_Your goal:_
Look in the material below for the line holding "COVERSET Y15ZR Y15". Set it down exactly, with each later line up to and including the line holding "Emerie - Orange".
────────
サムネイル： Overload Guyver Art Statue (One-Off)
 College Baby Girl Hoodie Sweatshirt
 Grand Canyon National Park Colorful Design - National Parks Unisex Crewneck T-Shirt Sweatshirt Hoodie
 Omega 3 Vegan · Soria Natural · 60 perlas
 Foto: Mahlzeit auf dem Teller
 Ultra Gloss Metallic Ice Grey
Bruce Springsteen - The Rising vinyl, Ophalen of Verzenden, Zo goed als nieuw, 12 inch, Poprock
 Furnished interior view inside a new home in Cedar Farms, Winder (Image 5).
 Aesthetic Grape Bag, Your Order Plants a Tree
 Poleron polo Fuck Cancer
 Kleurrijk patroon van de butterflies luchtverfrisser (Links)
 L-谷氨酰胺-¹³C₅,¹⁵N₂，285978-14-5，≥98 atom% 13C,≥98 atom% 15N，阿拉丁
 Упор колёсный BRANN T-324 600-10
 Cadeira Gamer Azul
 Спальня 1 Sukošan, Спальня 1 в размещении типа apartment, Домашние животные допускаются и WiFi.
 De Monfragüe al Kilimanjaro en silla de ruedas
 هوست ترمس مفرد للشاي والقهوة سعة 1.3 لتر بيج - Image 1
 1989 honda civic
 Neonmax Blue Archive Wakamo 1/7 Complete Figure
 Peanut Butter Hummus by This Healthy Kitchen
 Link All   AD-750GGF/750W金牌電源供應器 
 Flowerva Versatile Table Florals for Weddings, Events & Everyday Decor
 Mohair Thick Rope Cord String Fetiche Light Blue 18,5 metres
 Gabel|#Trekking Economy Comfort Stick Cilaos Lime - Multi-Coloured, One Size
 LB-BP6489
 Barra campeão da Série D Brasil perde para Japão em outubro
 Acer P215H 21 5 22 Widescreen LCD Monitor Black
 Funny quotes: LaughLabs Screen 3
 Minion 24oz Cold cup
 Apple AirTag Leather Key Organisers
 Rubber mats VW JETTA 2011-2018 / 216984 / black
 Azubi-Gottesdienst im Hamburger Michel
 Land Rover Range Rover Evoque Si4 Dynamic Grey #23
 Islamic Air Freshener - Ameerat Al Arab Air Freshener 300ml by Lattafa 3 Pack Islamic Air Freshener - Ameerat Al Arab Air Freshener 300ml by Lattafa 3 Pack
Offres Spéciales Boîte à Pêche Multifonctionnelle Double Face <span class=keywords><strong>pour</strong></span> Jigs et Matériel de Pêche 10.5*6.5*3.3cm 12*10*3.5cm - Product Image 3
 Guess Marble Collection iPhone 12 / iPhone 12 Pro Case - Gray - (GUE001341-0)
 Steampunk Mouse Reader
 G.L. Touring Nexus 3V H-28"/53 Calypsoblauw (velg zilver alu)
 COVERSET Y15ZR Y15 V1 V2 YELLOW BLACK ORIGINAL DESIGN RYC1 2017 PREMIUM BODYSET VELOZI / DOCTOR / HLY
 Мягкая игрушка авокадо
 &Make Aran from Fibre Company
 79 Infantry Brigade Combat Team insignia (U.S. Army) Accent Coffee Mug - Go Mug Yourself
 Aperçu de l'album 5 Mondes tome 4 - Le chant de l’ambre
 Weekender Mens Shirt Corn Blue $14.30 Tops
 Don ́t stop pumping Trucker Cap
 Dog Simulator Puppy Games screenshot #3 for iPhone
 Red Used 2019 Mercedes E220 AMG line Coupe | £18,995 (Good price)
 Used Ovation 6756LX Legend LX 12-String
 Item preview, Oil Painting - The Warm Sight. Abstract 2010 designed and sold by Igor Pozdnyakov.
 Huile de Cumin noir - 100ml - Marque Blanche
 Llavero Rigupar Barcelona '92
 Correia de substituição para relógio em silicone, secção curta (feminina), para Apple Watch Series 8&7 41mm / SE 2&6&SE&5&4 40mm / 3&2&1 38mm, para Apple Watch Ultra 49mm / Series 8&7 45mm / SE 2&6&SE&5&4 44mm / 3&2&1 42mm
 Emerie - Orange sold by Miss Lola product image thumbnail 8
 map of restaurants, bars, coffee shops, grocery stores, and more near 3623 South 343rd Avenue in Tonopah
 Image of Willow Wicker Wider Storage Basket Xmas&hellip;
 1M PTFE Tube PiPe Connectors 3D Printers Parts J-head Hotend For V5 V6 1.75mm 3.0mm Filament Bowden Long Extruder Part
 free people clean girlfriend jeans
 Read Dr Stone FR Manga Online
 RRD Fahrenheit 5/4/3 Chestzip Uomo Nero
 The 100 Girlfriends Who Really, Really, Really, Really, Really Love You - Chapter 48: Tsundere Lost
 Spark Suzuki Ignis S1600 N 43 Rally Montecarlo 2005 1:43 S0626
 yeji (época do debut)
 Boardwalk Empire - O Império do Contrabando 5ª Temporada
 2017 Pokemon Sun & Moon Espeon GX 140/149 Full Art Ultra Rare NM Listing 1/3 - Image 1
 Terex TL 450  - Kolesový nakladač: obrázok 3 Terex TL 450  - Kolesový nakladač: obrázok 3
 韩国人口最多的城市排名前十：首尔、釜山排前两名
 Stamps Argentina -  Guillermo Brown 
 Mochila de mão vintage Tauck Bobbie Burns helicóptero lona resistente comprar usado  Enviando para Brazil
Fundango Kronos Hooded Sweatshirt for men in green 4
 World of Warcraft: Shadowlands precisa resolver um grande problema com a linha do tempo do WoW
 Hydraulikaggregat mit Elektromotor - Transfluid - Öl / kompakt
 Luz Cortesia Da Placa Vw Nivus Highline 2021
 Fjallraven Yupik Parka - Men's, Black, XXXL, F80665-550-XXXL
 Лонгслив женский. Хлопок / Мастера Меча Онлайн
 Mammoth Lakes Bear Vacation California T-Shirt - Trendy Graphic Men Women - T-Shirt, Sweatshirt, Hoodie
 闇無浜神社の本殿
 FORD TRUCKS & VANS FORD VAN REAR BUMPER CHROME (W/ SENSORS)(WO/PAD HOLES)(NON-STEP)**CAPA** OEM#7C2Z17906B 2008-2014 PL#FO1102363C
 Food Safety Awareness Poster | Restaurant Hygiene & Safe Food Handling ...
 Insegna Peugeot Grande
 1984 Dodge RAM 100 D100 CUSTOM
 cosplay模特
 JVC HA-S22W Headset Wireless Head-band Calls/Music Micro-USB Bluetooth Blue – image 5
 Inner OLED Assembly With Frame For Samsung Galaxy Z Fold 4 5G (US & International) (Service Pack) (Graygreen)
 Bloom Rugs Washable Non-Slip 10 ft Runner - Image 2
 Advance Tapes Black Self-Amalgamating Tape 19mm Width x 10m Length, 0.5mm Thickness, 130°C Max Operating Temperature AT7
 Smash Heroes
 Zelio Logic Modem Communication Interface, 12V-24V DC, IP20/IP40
────────
_Output for this task:_
 COVERSET Y15ZR Y15 V1 V2 YELLOW BLACK ORIGINAL DESIGN RYC1 2017 PREMIUM BODYSET VELOZI / DOCTOR / HLY
 Мягкая игрушка авокадо
 &Make Aran from Fibre Company
 79 Infantry Brigade Combat Team insignia (U.S. Army) Accent Coffee Mug - Go Mug Yourself
 Aperçu de l'album 5 Mondes tome 4 - Le chant de l’ambre
 Weekender Mens Shirt Corn Blue $14.30 Tops
 Don ́t stop pumping Trucker Cap
 Dog Simulator Puppy Games screenshot #3 for iPhone
 Red Used 2019 Mercedes E220 AMG line Coupe | £18,995 (Good price)
 Used Ovation 6756LX Legend LX 12-String
 Item preview, Oil Painting - The Warm Sight. Abstract 2010 designed and sold by Igor Pozdnyakov.
 Huile de Cumin noir - 100ml - Marque Blanche
 Llavero Rigupar Barcelona '92
 Correia de substituição para relógio em silicone, secção curta (feminina), para Apple Watch Series 8&7 41mm / SE 2&6&SE&5&4 40mm / 3&2&1 38mm, para Apple Watch Ultra 49mm / Series 8&7 45mm / SE 2&6&SE&5&4 44mm / 3&2&1 42mm
 Emerie - Orange sold by Miss Lola product image thumbnail 8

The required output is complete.